The other issue is that multi-tenancy creates duplicate data, which makes it very inefficient from a storage perspective. For example, if your customer had 10 sales reps, and each authenticated access to their Sales Google Drive folder, this would result in you storing 10 copies of the same Google Drive files.

Of course, companies might be able to trim storage costs by merging duplicate files, but that then requires in-house permissions management again.

Alternative 2: Check permissions at query time

Instead of importing permissions ahead-of-time, companies could manually check for access at runtime, iterating over each piece of context.
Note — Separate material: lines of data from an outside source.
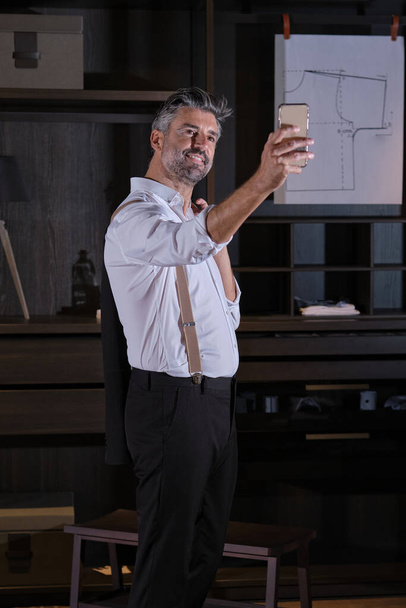 Позитивный предприниматель средних лет в костюме и подтяжках улыбается и делает автопортрет на смартфоне, стоя в гримерке - Фото, изображение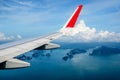 Tropical group of islands in Thailand as seen on window through window of an aicraft.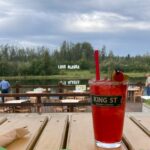 A red cocktail with a straw and a cherry on a table on a deck next to a river, with the Love Alaska Sign in the background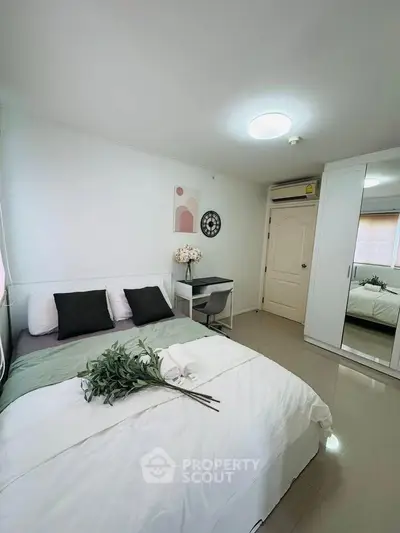 Modern bedroom with stylish decor and ample storage in a bright, inviting space.
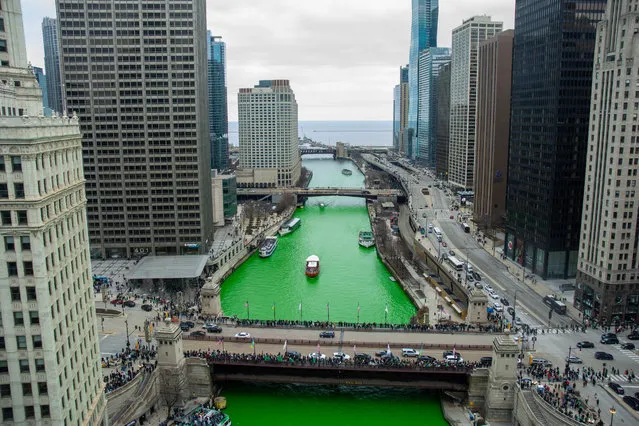 As is the tradition, the Chicago River was dyed green to celebrate St Patrick's Day on March 11, 2023. Mobs of people headed downtown to experience this manmade phenomenon. Many a leprechun were spotted in the hordes. The dying of the River was followed by the St.Patrick's Day Parade starting at Balbo and Columbus Drive. (Photo by Karen I Hirsch/ZUMA Press Wire/Rex Features/Shutterstock)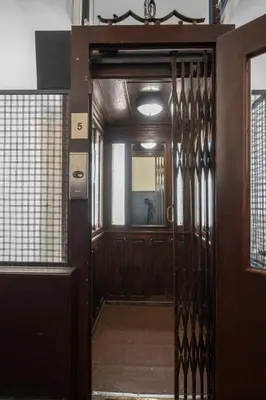 an entrance to a room with a wooden door at Blue Moon Studio in Porto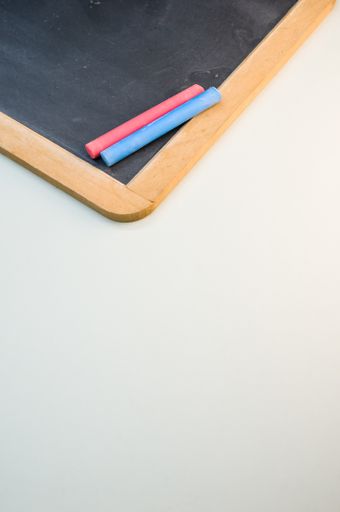 A vertical high angle shot of a blackboard with colorful chalks on a white surface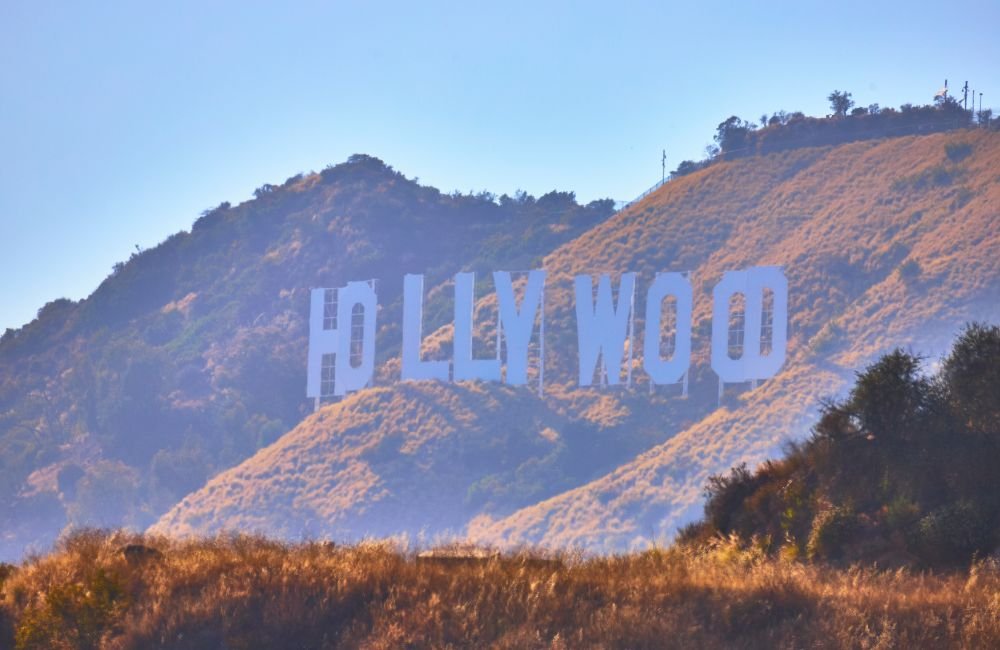 Runyon Canyon hiking trail overlooking the Hollywood Hills, Hollywood Sign and Los Angeles skyline at sunset.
To check permissions at query time, organizations would need to store relevant identifiers in metadata to check if the querying user has access to the entity.

Benefits

Checking permissions at query time prevents the need to manage an in-house permissions system, similar to the previous alternative. However, it also doesn’t require each user to manually authenticate.

It also checks against the most up-to-date permissions, something that neither of the previous approaches account for. Permissions do change, especially as users change roles.

Drawbacks

The obvious issue, however, is latency. Checking permissions via the 3rd party API at runtime can be extremely expensive, especially if some APIs are subject to rate-limits and are generally slow. However, it does create a new benefit: permissions will always be up-to-date. Because permissions do occasionally change, checking permissions at runtime is the most.

Closing Thoughts

Integrating permission with RAG is a tricky process. The first approach would be for organizations to manage a master permissions system that all other integrations are reconciled against, allowing the system to elegant filter-out restricted entities at query time. Another approach would be to use multi-tenancy, where each user manually integrates their owned data via OAuth, with it stored in a namespaced application. The final approach would be to check permissions at runtime, but this process can be slow, albeit being the most up-do-date and accurate.

Choosing the right strategy comes down to evaluating your needs as an organization and your expectations to scale, but the reality is, you may need to implement a combination of the three permissions strategies. Changing strategies down-the-road is possible, but it can be expensive on engineering hours as each approach uses a fundamentally different approach.